O contato cultural permanente entre escravos e homens com liberdade (de diferentes classes sociais e étnicas) vigente na sociedade da época da escravidão e pós-escravidão, resultou em diferentes figurações, variações de samba no Brasil. Tais aceitações, na medida que a dança ia se “urbanizando”, fizeram com que nascesse um caráter de “dança social”, pois já era dançada de forma diferente, por pessoas diferentes. Exemplo de introdução da “modernidade” que, de certa forma, fez mudar o jeito como se dança a umbigada, é encontrada no Estado de Alagoas. Diversas modalidades de danças de pares enlaçados, como o tropel, a roda de valsar, tropel repartido, substituíam o passo da umbigada no que as novas tendências chegavam aos salões da burguesia.
Os primeiros registros (de cronistas portugueses) que aborda estudos sobre as danças originárias de Angola e do Congo, têm a designação única, por eles, de batuque. Tais danças, quando aqui chegaram, foi denominada de dança de umbigada, dança de pares, dança de roda e dança de fileiras, como já foi citado anteriormente. Essas danças distinguem-se na movimentação, nos passos, na forma de dançar com o pares e se combinam e recombinam entre si, e com outras danças populares e sociais, de maneira que o batuque sofre várias diferentes formas de ser executado.

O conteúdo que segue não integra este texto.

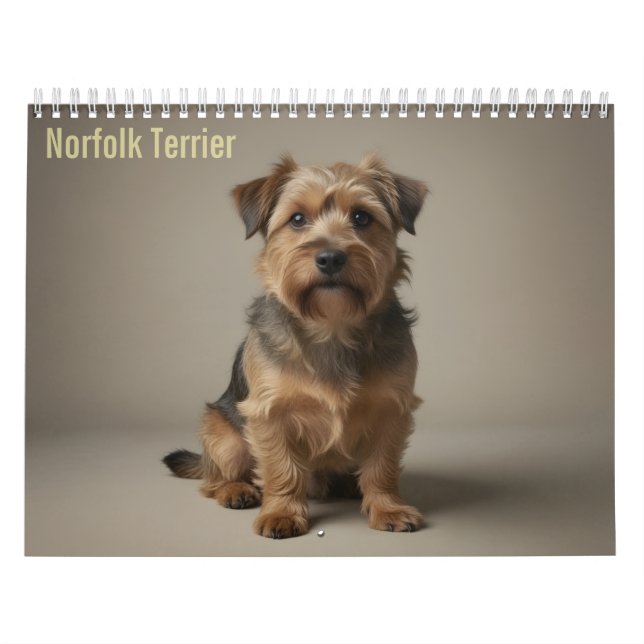 Calendrier mural 2027 Norfolk Terrier (Protection)
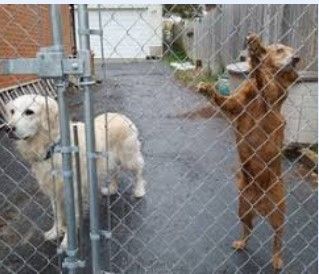 Two golden retriever dogs behind a chain-link fence. One stands on hind legs, reaching for a ball, while the other watches.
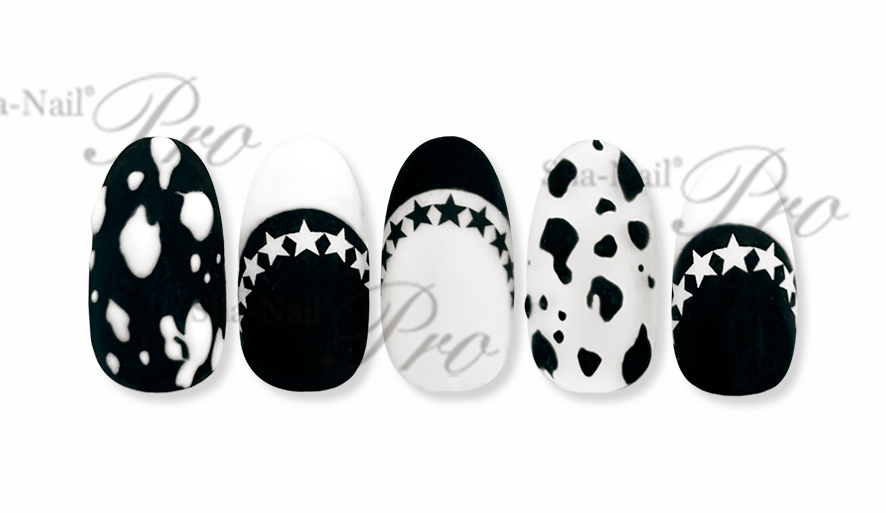 取扱終了 Sha-Nail Plus FR-ST02 French Star -White- / フレンチ スター -ホワイト-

Em artigo de Getúlio César, publicado no livro Folclore, do Governo de Pernambuco, Secretaria de Educação e Cultura, 1975, disserta-se sobre novas modalidades e tipificações da dança do coco, mais especificamente da umbigada:

Com o aparecimento do baião nas caantigas e agrestes nordestinos, o coco sofreu várias alterações, no baião, ao som das violas estrídulas, uma pessoa surgia no meio da sala a sambar e depois a se satisfazer ao seu gozo de dançador feliz, trocava umbigadas com uma das pessoas presentes que nesse momento passava para o meio da sala a dançar e assim surgia o baião. (...) o coco sofreu esta modalidade, criando o coco de visita, também dançado em roda de pares. (...) o coco vem sofrendo grandes modificações. O coco de visita desapareceu. Hoje os pares não mudam: sem trocarem umbigadas dançam a noite e o dia em sapateado forte, parecendo que os dançadores estão pisoteando o solo ou em uma aposta de resistência (César, 1975, p. 44).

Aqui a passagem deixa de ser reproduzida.